DATA SHOWN:
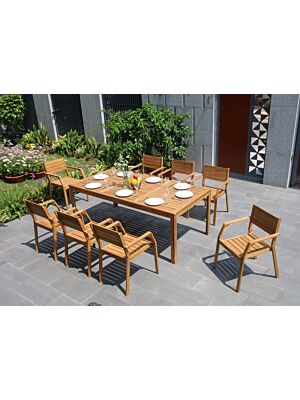 Table À Manger EXOTICA En Acacia + 8 Chaises - Teck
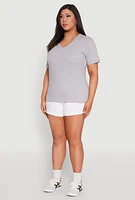 Womens Plus Size Notch Neck Basic Tee, Grey, Size 3X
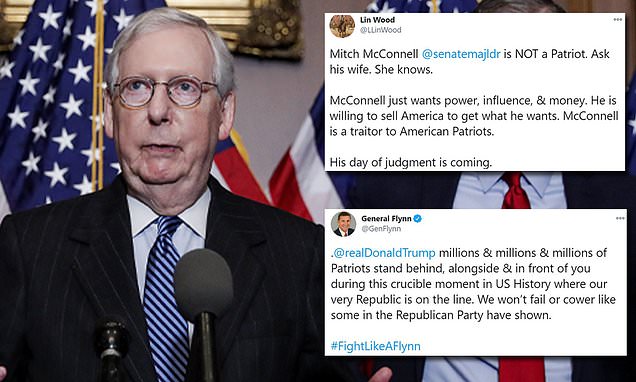 MAGA turns on Mitch: Trump says 'people are angry' after allies including Michael Flynn slammed the GOP Senate majority leader for 'caving to the mob and China' by recognizing Biden as president-elect
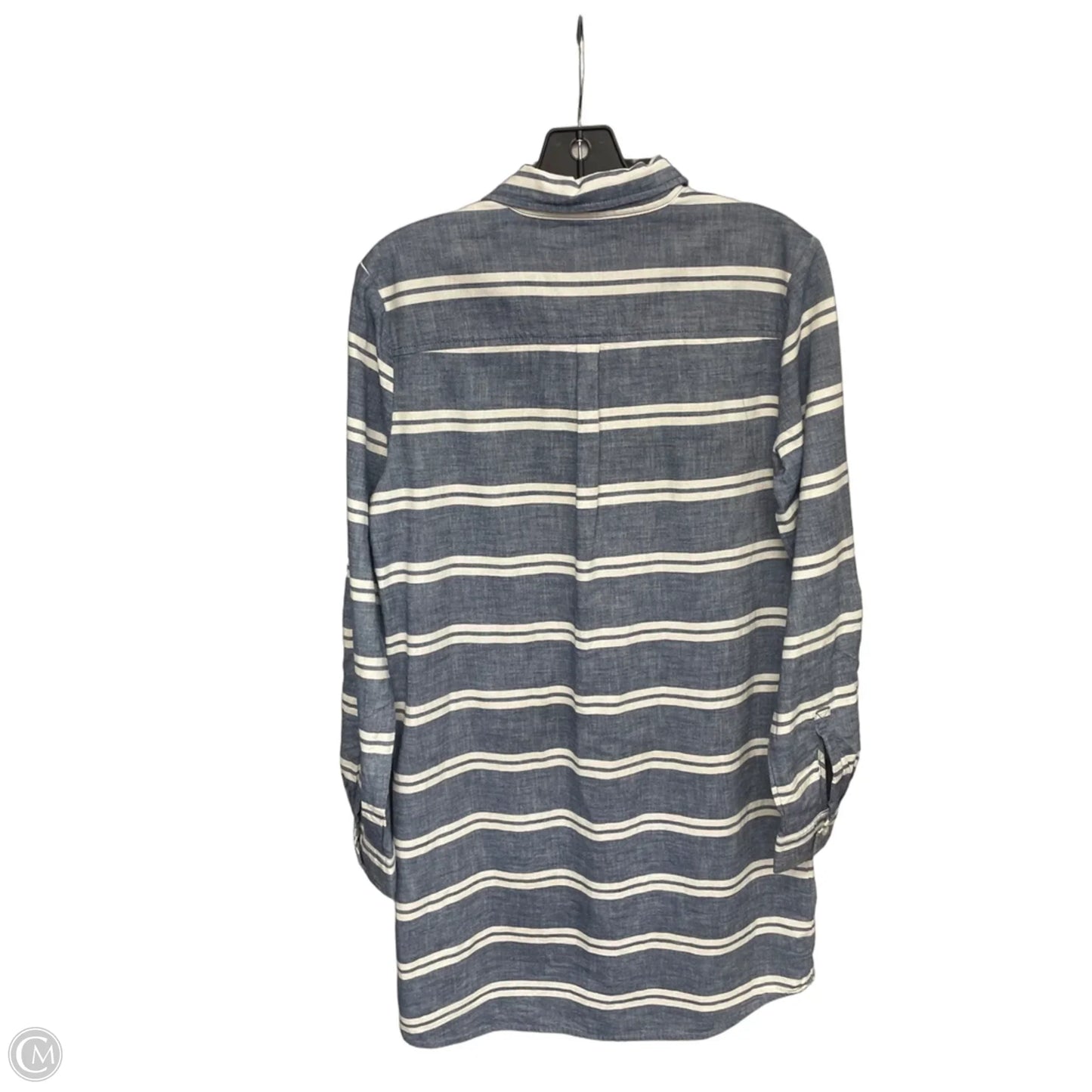 Dress Casual Midi By Loft In Blue & Cream, Size: 6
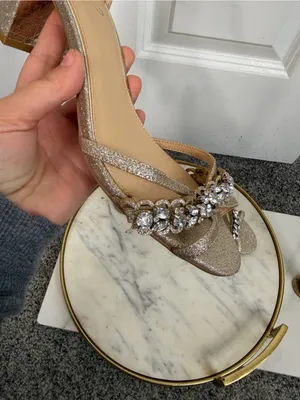 Jewel Badgley Mischka Sz 9W Gold Rhinestone Block Heel Sandals NWOT thumbnail 5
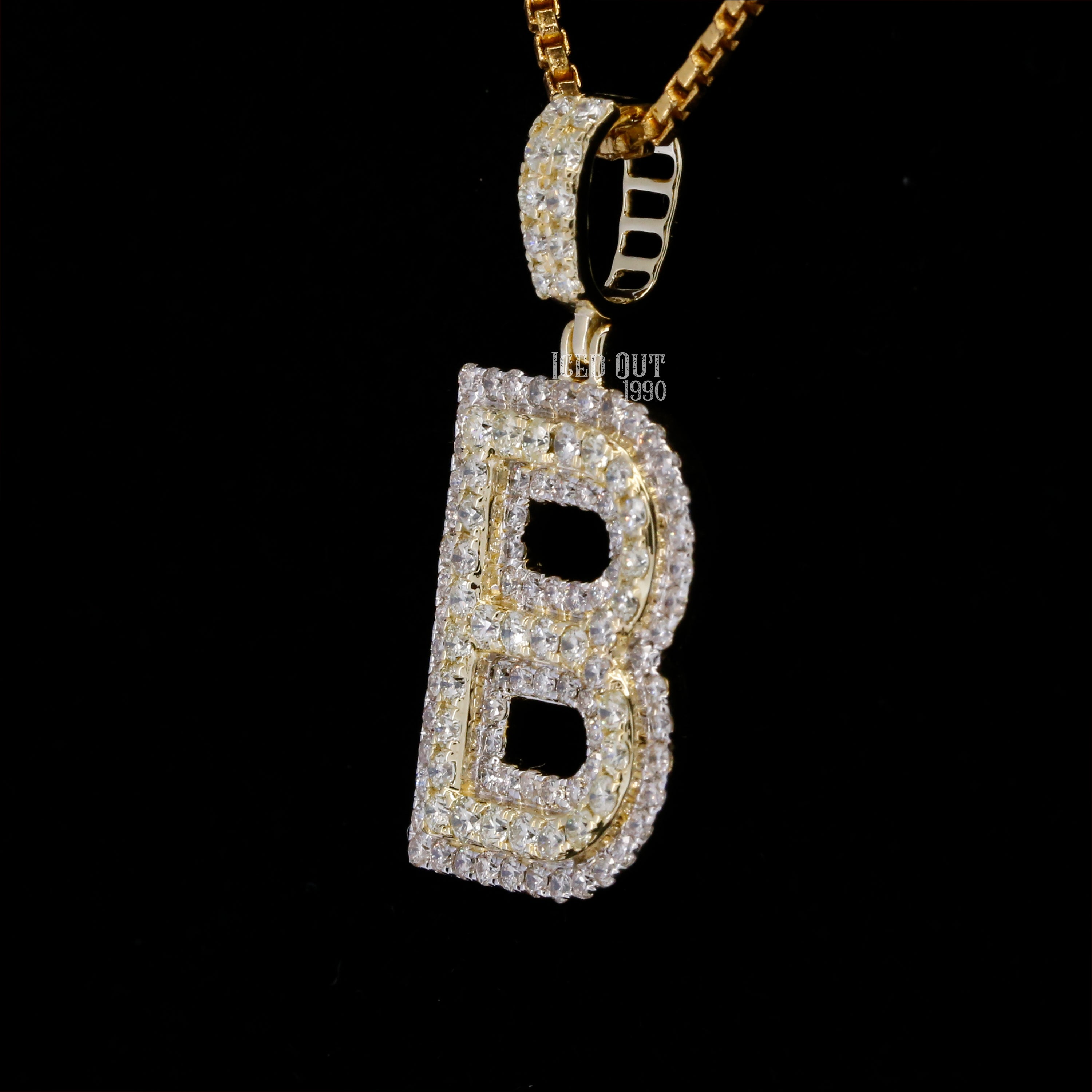 Round Cut Moissanite Initial "B" Hip Hop Pendant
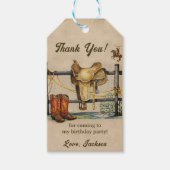 Westerne Cowboy Verjaardagsfeestje Cadeau Labels Cadeaulabel (Voorkant)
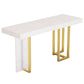 White Marble Top Bar Table Glam Metal and Stone Frame Pub Table Clearhalo 'Bar Furniture' 'Bar Tables' 'bar_tables' 'furn' 'furn_bar_tables' 'Furniture' 'Kitchen & Dining Furniture' 1200x1200_a4c90e31-dcda-404d-9564-4a30d3c8c7c3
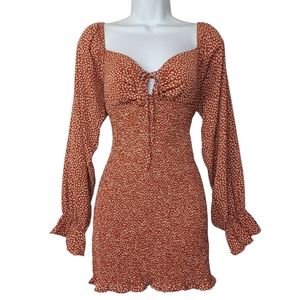 BLUSH J Brown White Leaf Print Smocked Stretchy Long Sleeve Mini Dress Large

YOUR OBJECTIVE: All records must be output exactly as they are, except for the pictures, which are left out.

TASK OUTPUT:
 Table À Manger EXOTICA En Acacia + 8 Chaises - Teck
 Womens Plus Size Notch Neck Basic Tee, Grey, Size 3X
 MAGA turns on Mitch: Trump says 'people are angry' after allies including Michael Flynn slammed the GOP Senate majority leader for 'caving to the mob and China' by recognizing Biden as president-elect
 Dress Casual Midi By Loft In Blue & Cream, Size: 6
 Jewel Badgley Mischka Sz 9W Gold Rhinestone Block Heel Sandals NWOT thumbnail 5
 Round Cut Moissanite Initial "B" Hip Hop Pendant
 Westerne Cowboy Verjaardagsfeestje Cadeau Labels Cadeaulabel (Voorkant)
 White Marble Top Bar Table Glam Metal and Stone Frame Pub Table Clearhalo 'Bar Furniture' 'Bar Tables' 'bar_tables' 'furn' 'furn_bar_tables' 'Furniture' 'Kitchen & Dining Furniture' 1200x1200_a4c90e31-dcda-404d-9564-4a30d3c8c7c3
 BLUSH J Brown White Leaf Print Smocked Stretchy Long Sleeve Mini Dress Large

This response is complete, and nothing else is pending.